BANKS COUNTY – Citizens of Banks County filled the room of the March 8 Board of Commissioners meeting to oppose tabling (for another 60 days) a proposal by International Development company PNK Holdings, LLC, based in Moscow, Russia. Mark Stiles, representing PNK, was addressed by the commissioners and citizens alike with skepticism.
Representing PNK Holdings, Mark Stiles came before the county to present the corporation’s case for rezoning four parcels to the planning commission, the BOC, and the citizens. According to Stiles, “It’s a country club industrial park. People drive by, they don’t know, ‘is it a country club or an industrial park?’ Because we made all kinds of special landscaping, azaleas, crape myrtles, a four-board horse fence to soften it, because we know the communities; how they feel about this kind of thing. Absolutely,” Stiles said”
Later, a citizen responds to the country club comments, saying, “I was going to ask if they’d ever been around Banks County, and if they look around the room, we’re not exactly a country club crowd. We don’t care that it looks like a country club, we care about our animals, our wildlife, and our farms.”
Commissioner Bo Garrison responded plainly, “But our community’s main concern, I feel like, is over traffic; not how your landscaping is and all that.”
Banks Crossing and its surrounding I-85 corridor has notoriously bad traffic. It is a popular destination for truckers travelling to and from Atlanta.
Garrison hinted at the notion that the proponents of the proposal had mislead the Board.
“The first time I saw any drawing on it, it was something possibly workable. Then all of the sudden, y’all come back with a white elephant. And I ain’t eating a white elephant, sir.”
Commissioner Danny Maxwell also expressed his concerns about the apparent changes in the proposal.
“I talked to y’all that day about particular businesses that were coming in. We wanted to know what businesses. There were one or two mentioned which I thought would be very successful here. But as of now, all of that’s changed with all of this conglomerate with six million square footage of floor space over there. I noticed there were three entrances on 63 and one on Neal Road. I don’t like that…we’ve got to be able to control what comes into Banks County,” Maxwell said.
Heavy Industrial uses like distribution centers clog up local roads with truck traffic and lead to more noise and air pollution in the close vicinity. This is not a huge problem in some areas. The issue here is that the use proposed was too large for the area and it clashes with the surrounding uses.

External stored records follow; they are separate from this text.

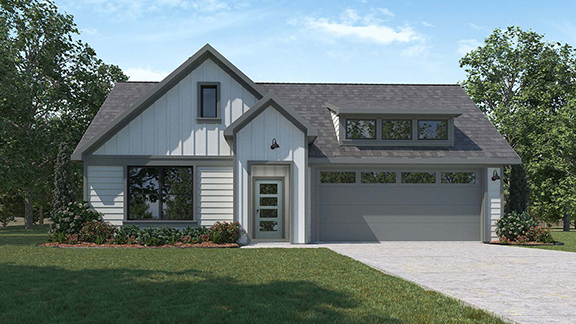 Single story home with a two-car garage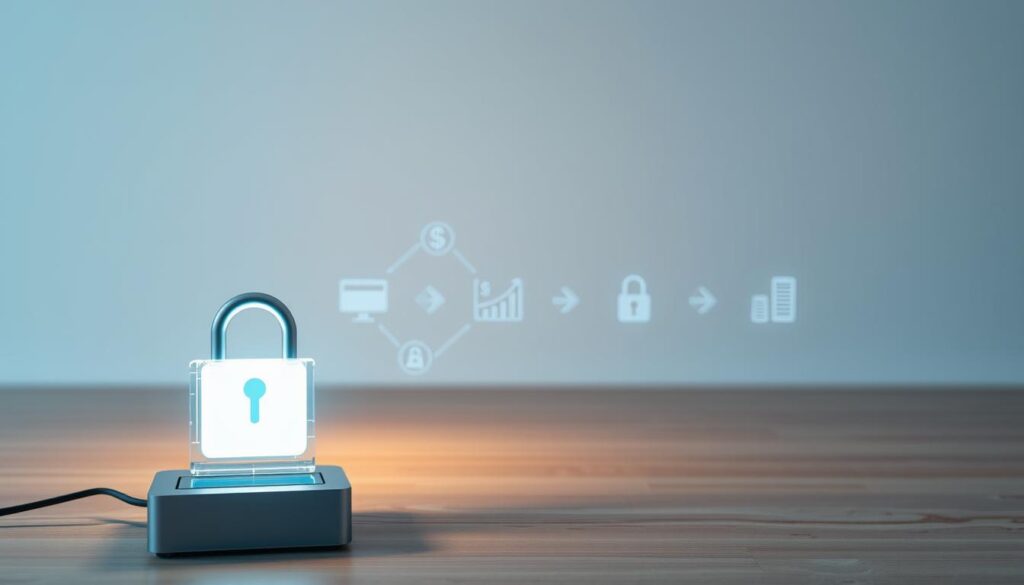 A secure, seamless payment gateway situated in the foreground, its intuitive interface and encryption protocols illuminated by soft, ambient lighting. The middle ground features a series of transaction symbols and financial icons, conveying the reliable, trustworthy nature of the payment process. In the background, a serene, minimalist environment sets the tone, emphasizing the simplicity and safety of the payment experience. The overall composition communicates a sense of confidence, efficiency, and data protection, reflecting the key factors to consider when selecting the appropriate payment solution.
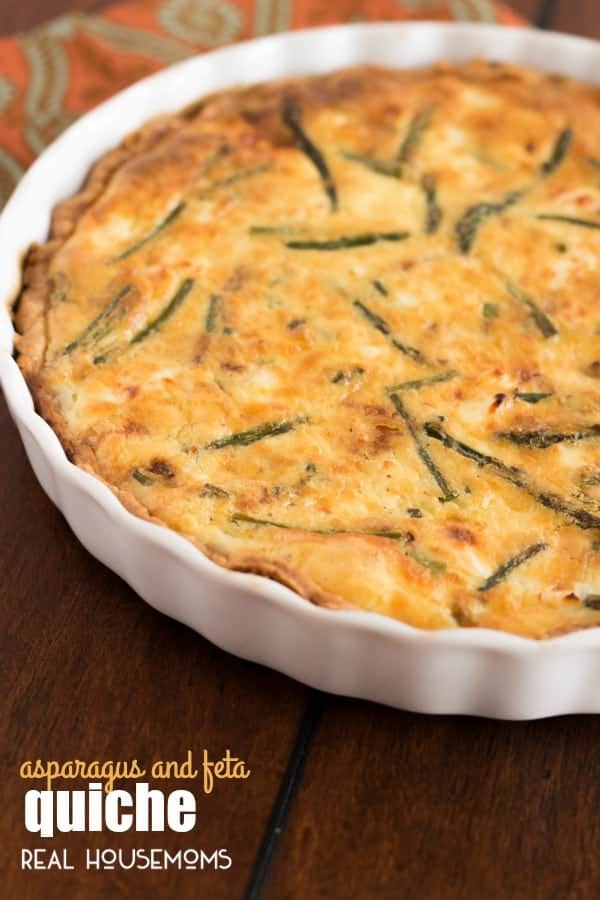 This simple & savory ASPARAGUS AND FETA QUICHE is perfect for a spring brunch or light dinner!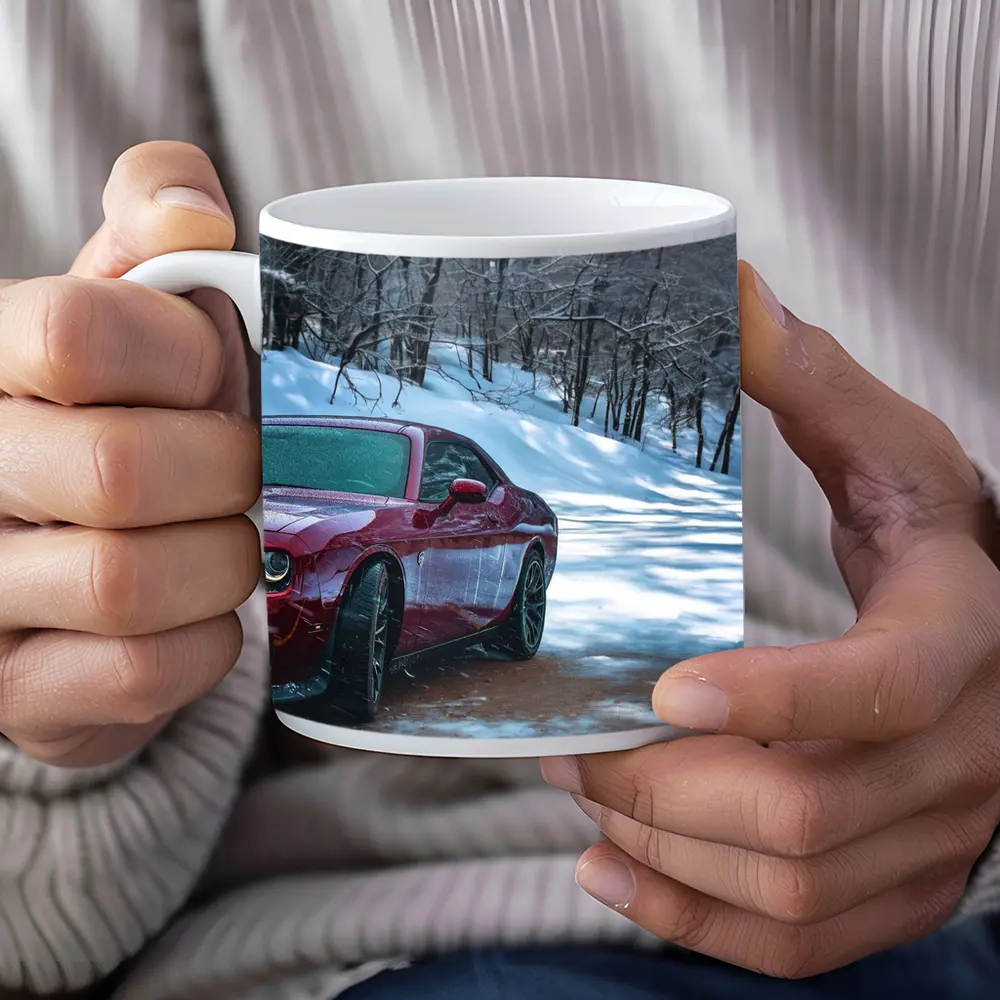 Dodge Challenger Red Car Snowy Forest Road – Mugs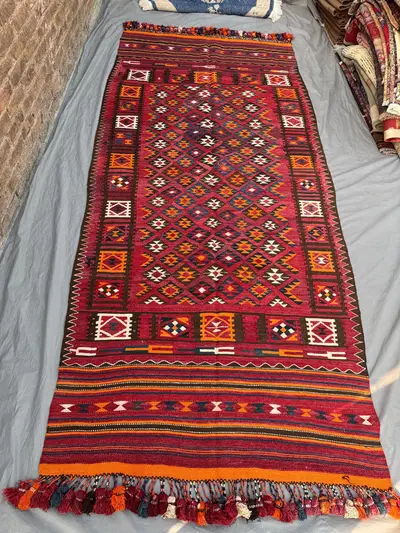 5 x 11 ft Vintage Afghan Maimana Kilim | Handwoven Reversible Flatweave | Bold Magenta & Orange | One-of-a-Kin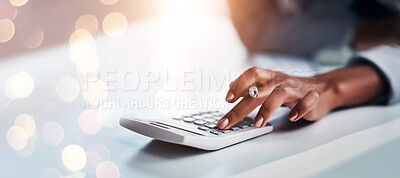 Buy stock photo Person, hand and calculator for accounting, finance or audit in budget planning on bokeh background at office. Closeup of accountant or employee in financial management, profit or bills and expenses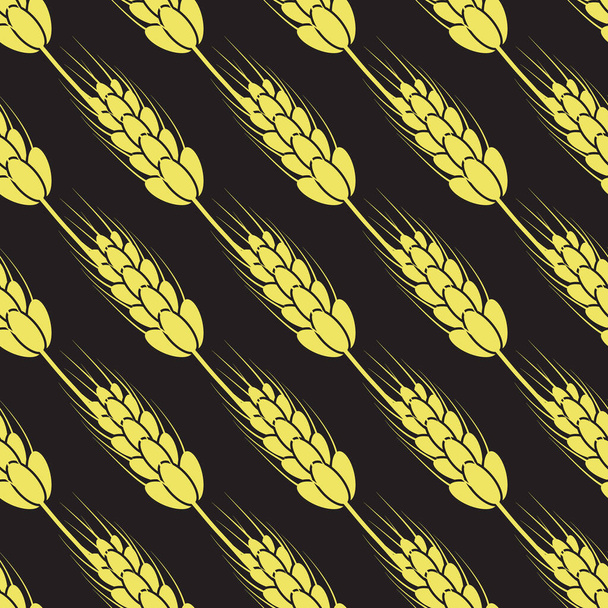 Seamless pattern (background, backdrop, texture) with yellow gold wheat. Seamless pattern of ears of wheat. vector illustration.  - Vector, Image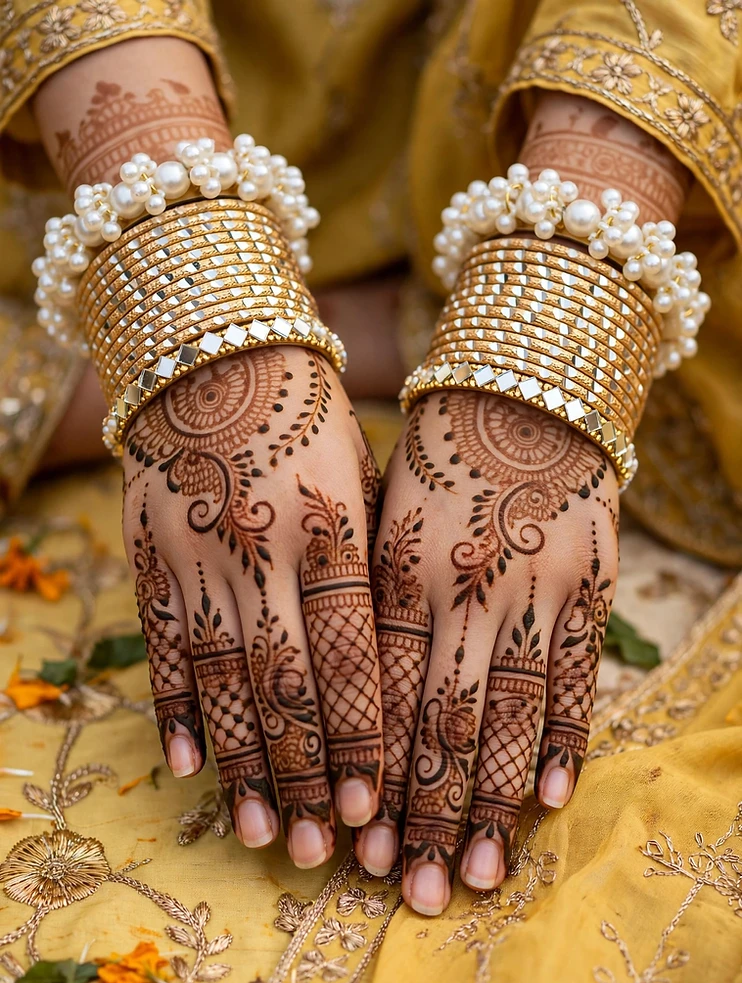 💛 Mehndi Party Wear Gajra Bangles 💛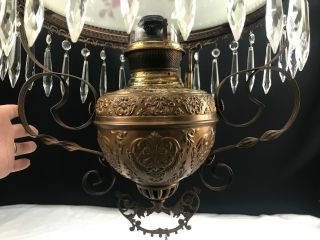 Antique Bradley & Hubbard Hanging Oil Lamp Ornate Brass B&H Font Handpainted 2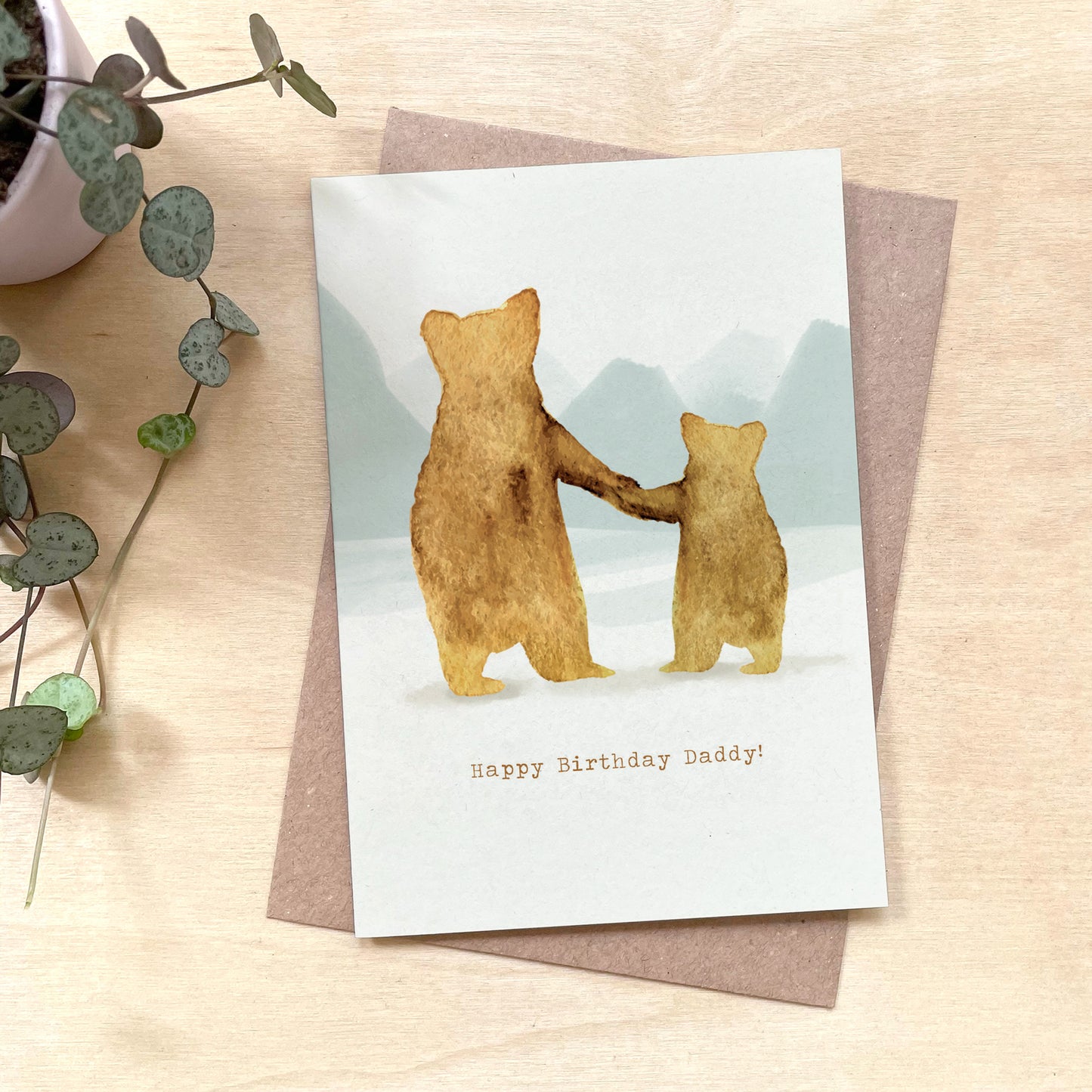 'Happy Birthday Daddy' Bears Recycled Coffee Cup Card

The commissioners expressed interest in a moderate use like a small commercial center, a self-storage unit, or other similar, less caustic developments. The county is not disinterested in new project. In fact, new business appears to be welcomed by most, but it seems the consensus is that Banks County should be seeking businesses that fit well in the spaces available with as little harmful impact as possible.
The citizens who attended made sure to voice their opinions and cite the facts of the situation. They deferred to the county code, the comprehensive plans, the local use impacts, and their own hearts and convictions.
A moving site unfolded as one citizen, Stanley Beasley, used the attorney’s words against himself.
“I’m going by what the gentleman said himself, it ain’t his problem… [those] people on the backside, that ain’t his problem…how they’re going to get to their property; that ought to tell you something right there. He ain’t for nobody in Banks County, I don’t care what he says. He can’t tell us what’s going in [those] buildings,”Beasley said.
Beasley then held up the tube to his oxygen and gestured towards the air.
“And, air, air means a lot to me right now. So, I’m against it. It’s way to much for banks County.”
Citizen after citizen gave many arguments against the project. It seems the efforts of the locals were not in vein.
The Board of Commissioners ultimately decided to reject the proposal. Therefore, if the company would like to continue the project, they must reapply. The board made it clear that plans must be in a more concrete state, rather than being at the whim of the developer.